Mr. Horne, a real estate broker, was charged by the Georgia Real Estate Commission with denying or withholding from another because of race a housing accommodation in violation of Code Ann. 84-1421. The original hearing officer found Mr. Horne to be guilty of discrimination and recommended that his license be suspended for one year. The full real estate commission reviewed the hearing officer's decision, adopted his findings and conclusions but ordered a total revocation of Mr. Horne's license rather than a suspension. Mr. Horne appealed this revocation to the Superior Court of DeKalb County. Code Ann. 3A-120 (b). The superior court reversed and remanded the commission's decision of revocation and the commission appeals.

DEEN, Presiding Judge.

1. Racial discrimination in housing is a serious problem which demands rectification; to this end Code Ann. 84-1421 gives the real estate commission the power to suspend or revoke a realtor's license if he so discriminates. However, where the state confers a license to engage in a profession, the license becomes a valuable right which cannot be denied or abridged without due notice and a fair and impartial hearing before an unbiased tribunal. Leakey v. Georgia Real Estate Commission, 133 Ga. App. 616 (1), 617 (211 SE2d 635); Georgia Real Estate Commission v. Hooks, 139 Ga. App. 34 (227 SE2d 864).
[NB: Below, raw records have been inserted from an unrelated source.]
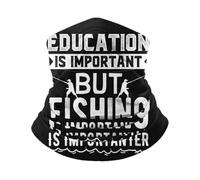 Protección UV Polainas De Cuello La Educación Es Importante, Pero La Pesca Es Aún Más Importante. Sombreros Cómodo Calentador De Cuello para Correr Deportes Yoga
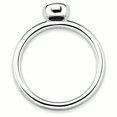 thumbnail image 2 of 925 Sterling Silver Low 5mm Round Garnet Stackable Ring Birthstone January Gemstone, 2 of 8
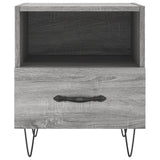 ZNTS Bedside Cabinets 2 pcs Grey Sonoma 40x35x47.5 cm Engineered Wood 827433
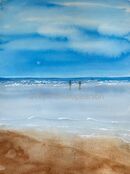 Lazy Summer Days (Watercolour and ink)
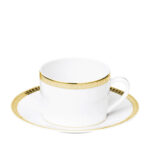 christofle malmaison gold tea cup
2. The superior court based its reversal in part on an alleged procedural defect in Mr. Horne's hearing -- that the commission's deliberations were in public. The court did not in its final order rule the "Sunshine Law," (Code Ann. 40-3301 et seq.) to be unconstitutional; this court has no jurisdiction to do so. The superior court may reverse the commission's decision if it were in "violation of constitutional or statutory provisions" or "made upon unlawful procedure." Code Ann. 3A-120 (h) (1), (3). The commission's public deliberations were not only made in full compliance with the law, but would have been nugatory had they been conducted otherwise. Code Ann. 40-3301. In this regard, the superior court was in error.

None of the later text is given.